Goal of the exercise
Give the lines again exactly as they appear below, from the line with "Rosa Maria Sapho" to the line with "Presentation Of Corporate", both included, and only those lines. Leave every picture out.

[[ Provided entries open ]]

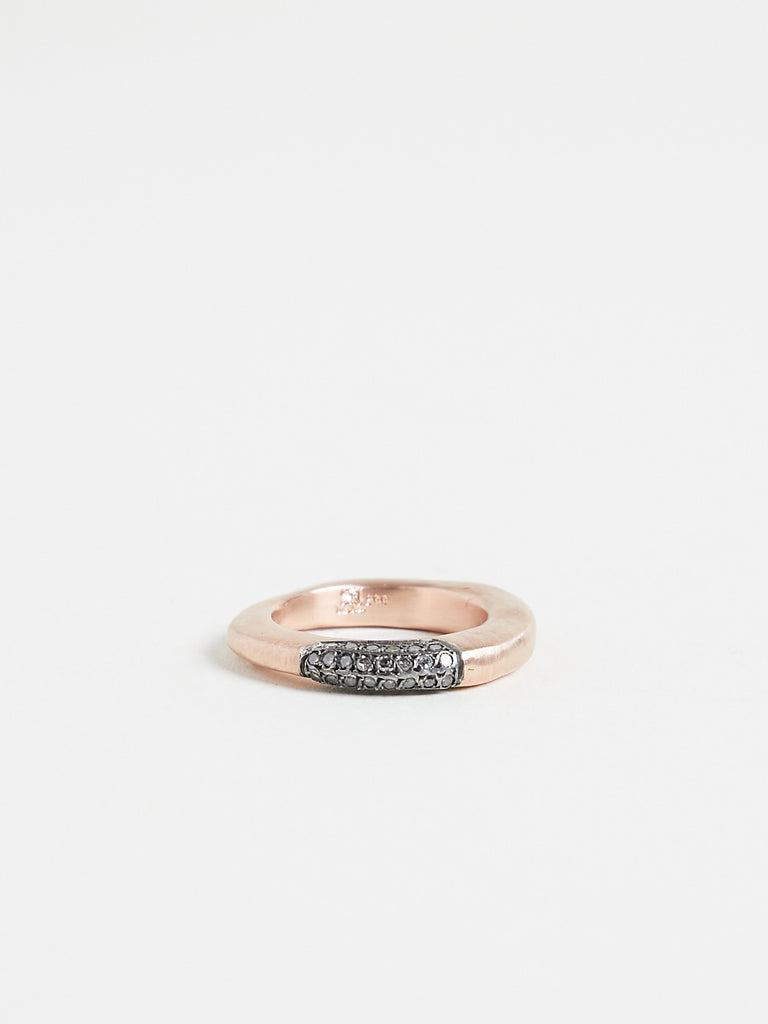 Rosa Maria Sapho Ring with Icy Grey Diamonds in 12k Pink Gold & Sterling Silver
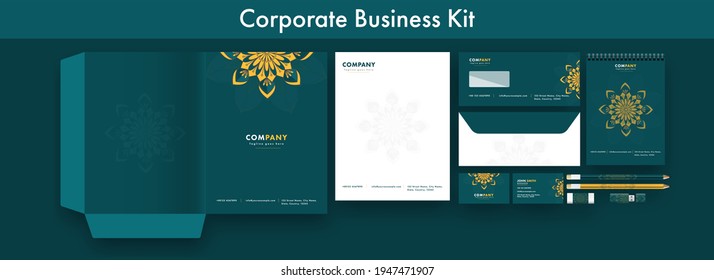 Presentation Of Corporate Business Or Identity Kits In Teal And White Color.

[[ Provided entries closed ]]
[[ Provided entries open ]]

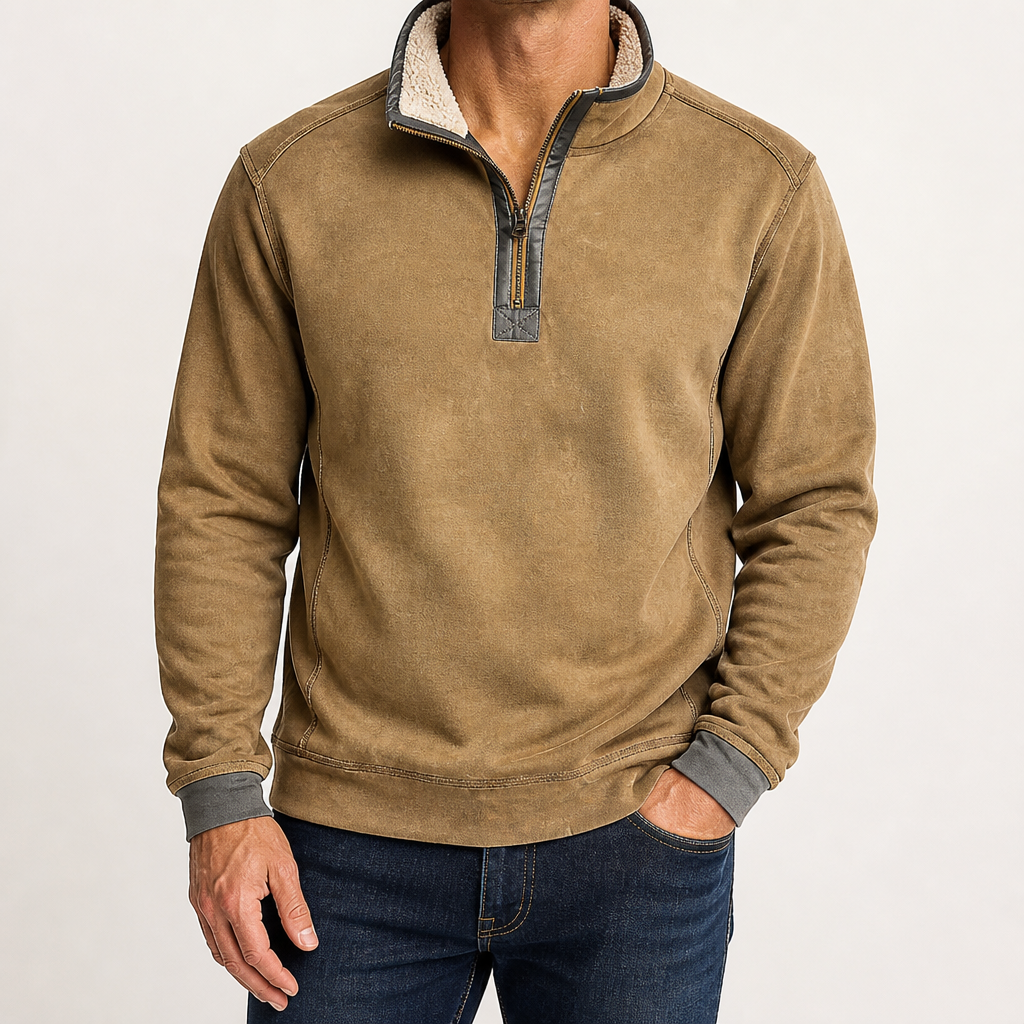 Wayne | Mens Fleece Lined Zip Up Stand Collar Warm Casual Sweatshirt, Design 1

[[ Provided entries closed ]]

Your response
 Rosa Maria Sapho Ring with Icy Grey Diamonds in 12k Pink Gold & Sterling Silver
 Presentation Of Corporate Business Or Identity Kits In Teal And White Color.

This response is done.